What does it mean for tests to be independent? When reading about cumulation if type-1 Error, the sentence "for independent statistical tests" occures alot, now I was wondering what this is actually means.
Since tests are also random variables on the sample space, the definition of independence can be applied, mathematically. Now lets look at two tests: $t_1,t_2$, the definition of independence could be:
$P(t_1 \in A, t_2 \in B) = P(t_1 \in A) \cap P(t_2 \in B)$ for alle sets $A,B$ in $\mathcal{B}(\mathbb{R})$. Since tests can only assume discrete values, the sets $A,B$ can in reality only be discrete sets consiting of $0,1$ and sometimes one more values.
Now so far so good, but recently I read a paper in which the following sitation occured:
A test rejected the $0$ hypothesis, then the test was repeated on a different sample. The author then stated, that the probability for a type-1 Error in this "repeat test setup" was $\alpha^2$, because of the independence of the tests. I understand why this is true if I acknowledge the "independent" part, but this is the part I have my problems with.
To complete my post, here is the paper the statement is from, it is a download link. The statement is made on page 2 in the last paragraph.
 A: This is really talking about conditional independence, with conditioning on the hypothesis.
So if the null hypothesis is correct, then the probability the test is significant should be $\alpha$.  If you then collect new data and test the new data, the probability the second test is significant should also be $\alpha$, and the conditional independence means the probability of both tests being significant is $\alpha^2$.
Similarly, if the alternative point hypothesis is correct, and the test has power $1-\beta$, i.e. that is the probability of a significant result, then the probability of two significant results is $(1-\beta)^2$ for the same reason.
But if you do not know which hypothesis is correct then you do not get this independence.
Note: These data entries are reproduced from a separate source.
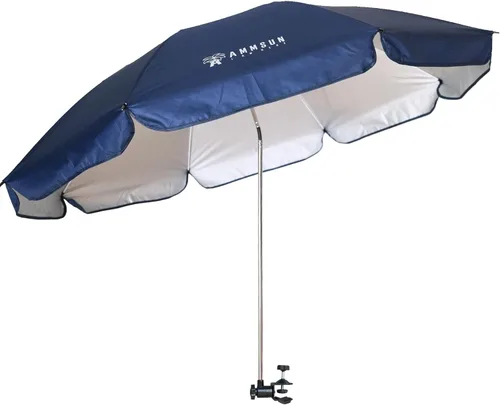 Miniatura 10 de AMMSUN Paraguas para silla XL con abrazadera universal ajustable de 47 pulgadas y giratorio de 360 grados UPF 50+, abrazadera portátil para silla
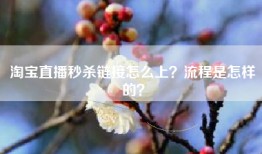 淘宝直播秒杀链接怎么上？流程是怎样的？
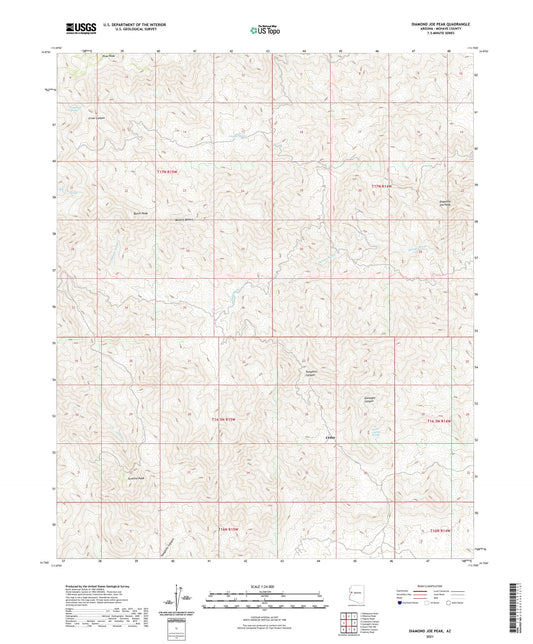 Diamond Joe Peak Arizona US Topo Map Image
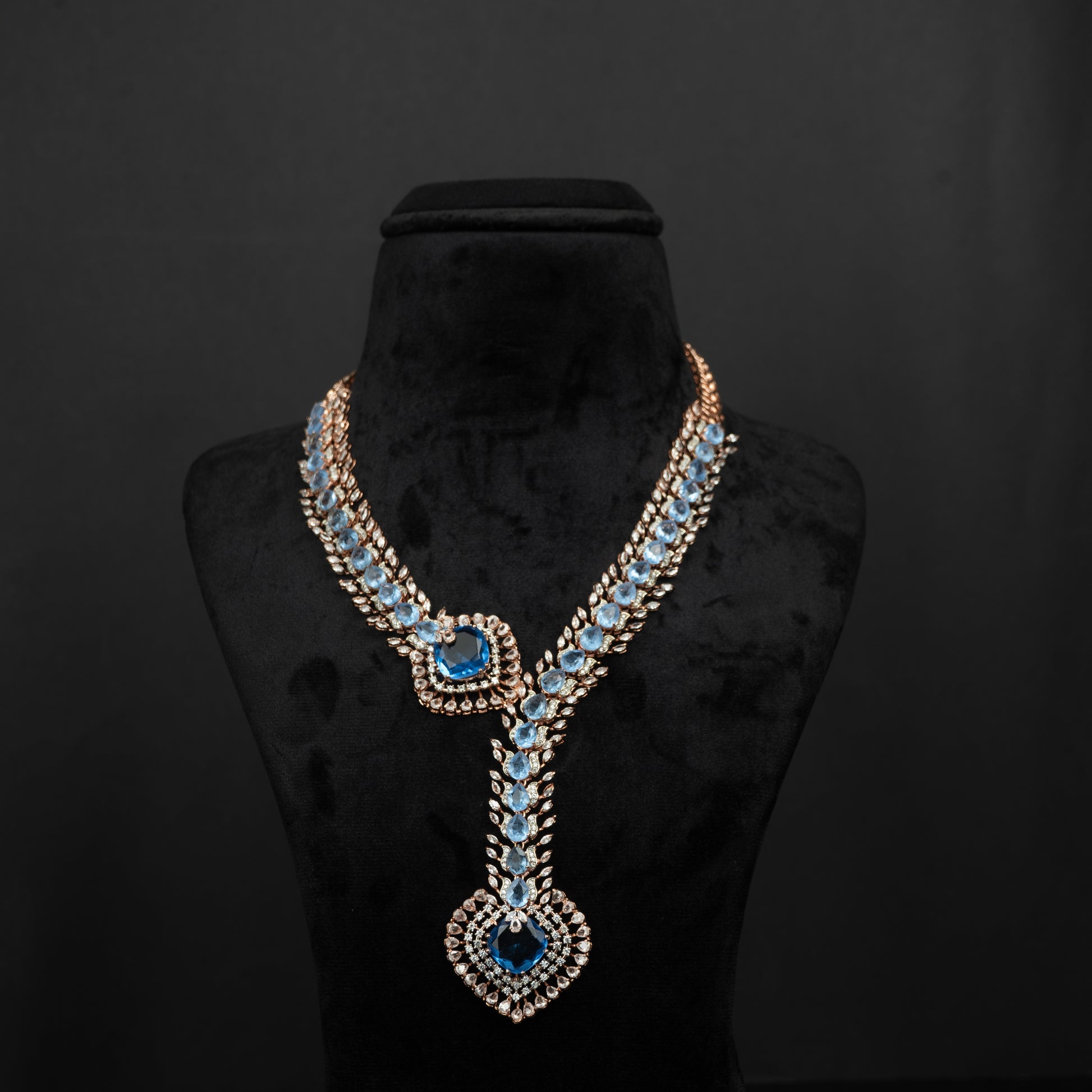 Pragya Silver Necklace, Gold plated 92.5 silver choker necklace featuring cubic zirconia, blue sapphire, and moissanite stones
If in a quasi-Bayesian approach you think there is a probability $p$ that the null hypothesis is correct and a $1-p$ probability that the alternative point hypothesis is correct, then the probability the first test is significant is $p\alpha + (1-p)(1-\beta)$, and that both are significant is $p\alpha^2 + (1-p)(1-\beta)^2$ which is not the square of the previous expression when $0 < p<1$. This is the concern you express in your question.
You also need to consider what you would do if the first test was significant and the second not, which happens with probability $\alpha(1-\alpha)$ or $\beta(1-\beta)$ depending on which hypothesis is correct.
A: After thinking alot about this now, I think the definition above does not apply here at all. The problem is, that the two tests are part of 2 independent experiments, therefore should get their own sample spaces etc. Doing that, independence does however not mean anything anymore, since we used the product space measure, which automatically makes them independent. This also makes sense, why would test2 be influenced by test1,  when caring about a type1/type2 error. There is no correspondence there.
I think what the author meant by independence was more that a new sample was chosen.